Desde
nuestra más tierna infancia, somos objeto preferente de aprendizaje. Tanto por
lo que se nos enseña de un modo explícito, como por lo que nos aportan
involuntariamente, con su comportamiento, las personas que se van cruzando en
nuestro camino, a lo largo de nuestras vidas.
Es
posible que no reparemos en la influencia que, en mayor o menor grado, pueda
tener aquello que asimilamos mediante el ejemplo. Pero, muchas lecciones se van
recibiendo de manera informal, sin ser conscientes de ellas y sin reflexionar
sobre el beneficio o los inconvenientes que nos aportan.
Con
demasiada frecuencia las palabras que nos dirigen nuestros familiares, amigos y
conocidos, no se corresponden con su posterior comportamiento. Lo cual, nos
produce desorientación y, por qué no confesarlo, puede llegar a sembrar dudas sobre el concepto que nos habíamos formado de
ellos.
En
tales casos, se dará la paradoja de que, a pesar de pretender transmitirnos
determinados valores, el mensaje que nosotros extraeremos será el que vaya en
consonancia con sus acciones; porque, éstas, tienen mucha más fuerza que
cualesquiera sean las palabras que nos hayan dirigido. El refrán popular lo
dice: “obras son amores y no buenas razones”. Por mucha atención que prestemos
a las palabras, son los hechos de los demás los que nos sirven de ejemplo
inspirador de nuestra conducta.
Podríamos
creer que ciertas formas de actuar son adecuadas, porque las percibimos en
muchas personas y porque también son transmitidas a través de los cuentos, las
canciones, los libros o los medios de comunicación.

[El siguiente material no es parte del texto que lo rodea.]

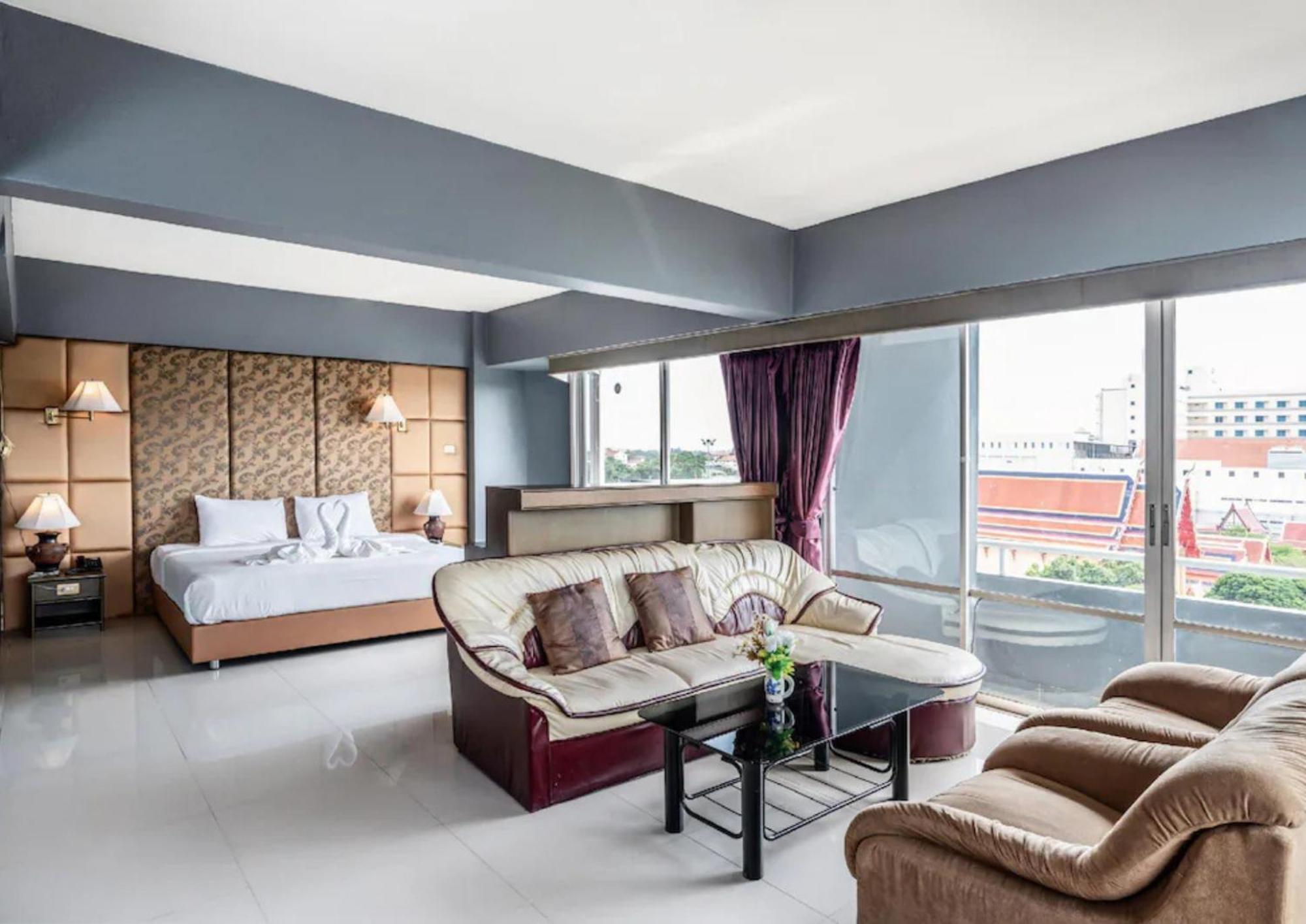 Ayothaya Riverside Hotel Ayutthaya Eksteriør bilde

Nos encontramos expuestos a
ellas de forma repetitiva y, si pensamos que otros individuos obtienen
beneficios, tendremos una mayor inclinación a asumirlas como propias. Pero,
conviene saber que habrá unos “inputs” que nosotros iremos asumiendo, casi sin
darnos cuenta, relativos al trabajo, al dinero, a la forma de lograr lo que se
desea y cómo relacionarnos con otros seres para conseguirlo. Por todo cuanto
antecede, es fundamental que pongamos nuestro propio filtro a cuantas
actuaciones puedan resultarnos dañinas.
Consideramos
que los comportamientos que son habituales en nosotros, en nuestros familiares
o en el medio en que vivimos, son los apropiados para relacionarnos con nuestra
pareja, con la familia, con los hijos, con los amigos, con los compañeros o con
el resto de las personas. Aunque, quisiera lanzar un mensaje de atención porque
podría ocurrir que, en ocasiones,
llegásemos a considerar apropiado actuar con agresividad. O, creer que lo más indicado es la pasividad y la resignación ante los
atropellos y agravios de otros.
Llegados
a este punto, desearía hacer una aclaración. Que algo sea normal, no significa que sea bueno o malo, adecuado o inadecuado,
justo o injusto; sólo nos dice que es
aceptado y defendido por un gran número de personas, sin cuestionarlo.
Procede
tener mucho cuidado con las formas que utilizamos para comunicarnos. Darle importancia
a los estilos educativos, al respeto hacia lo que piensa el otro, evitando por
todos los medios la imposición de nuestras propias ideas.
Resulta
fundamental encontrar un equilibrio entre lo que sería un abuso de poder o, en
el polo opuesto, el abandono del uso de la autoridad; entre la pretensión de
una obediencia ciega o permitir que cada uno haga lo que quiera.
Procurar
no ser cicateros en llevar a cabo aquellos gestos que demuestran tener en
cuenta lo que los demás piensan y sienten, prescindiendo de actuaciones y
comentarios que se hacen sin prestar atención a cómo puedan lesionar a sus
destinatarios.
Habrá
que tener bien claro que cada sujeto es quien decide cómo va a comportarse con
los demás y qué tipo de persona quiere ser. Sin importar la cantidad de individuos que puedan haber contribuido a
que sea como es, la responsabilidad sobre su vida es suya, no de otros. Cada
cual, habrá de escoger el perfil de las personas de las que quiera rodearse y deberá
establecer unos límites en sus relaciones, definiendo cuáles conductas son
aceptables y aquellas que no está dispuesto a permitir.